Am using Elastic stack for the past few months.Found it really cool and fantastic combination.

But am now more concerned with VOIP monitoring .Is it possible to monitor the call quality and other factors like *packet loss,jitter and latency in Filebeat or Packetbeat?

Is its possible how can be done in few words?

It would be really helpful for my career.

Thanks in advance,
Raj

Packetbeat is currently not able to decode the SIP traffic or to measure the call quality, packet loss, jitter and latency, but we might consider adding support for SIP in the future (not on our roadmap yet) as there were a few users interested in this. You can follow the status of this request here.

Thank you Monica for the very quick reply :slight_smile: will follow up

some devices (e.g. border controllers handling both SIP calls and RTP) do log call status and voice quality information if available. Your device might provide log-files (e.g. via FTP), configurable syslog output or netflow providing stats you will require. log files you can download using a custom script and collect via filebeat/logstash. Syslog you might be able to send directly to logstash of syslog-ng/rsyslog.

Thank you Stefan,just want to be sure and I want to know If I got correctly?

If my VOIP server supports both SIP and RTP ,I should give custom script which creates log files .This log files will be having all the info like Call status and Voice quality information,then i can forward the logs to my logstash via syslog.

Fells like you're mixing up options a little. As I don't know your device in details, it is up to you to figure out how to fetch data from said device.

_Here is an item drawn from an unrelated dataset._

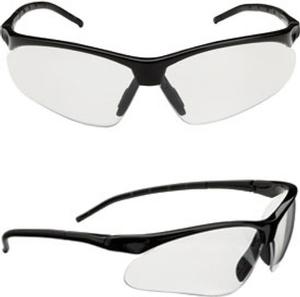 Champion Half-Frame Ballistic Glasses Smoke Mirror Lens/Black Frame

Some options coming to mind:

  1. download log files generated by device directly (if HTTP/FTP interface is available) and push logs via filebeat/logstash. Some devices might generate CSV-files
  2. if filebeat can run on device, you can use it to collect logs directly. But I would advise not todo so, as resources on devices might be pretty precious already
  3. configure device syslog output (if available) to point to custom syslog or directly to logstash. With syslog I'm meaning the syslog network protocol.
  4. If device publishes stats via netflow search for a netflow collector (I think there is a community plugin for logstash as well)
  5. if device support poll like interface like (HTTP, SNMP) see if you can find a collector getting these data.

It must not only be one device. In VOIP networks some devices might only handle SIP and others will only do RTP. Find the devices closes to the border of your network and try to collect data one way or the other.

There are some commercial VOIP monitors also using packet sniffing like packetbeat does. But adding an RTP analyzer to packetbeat is definitely not a trivial task + deployment can be quite a pain as concurrently analyzing a few thousands calls might be quite resource intensive.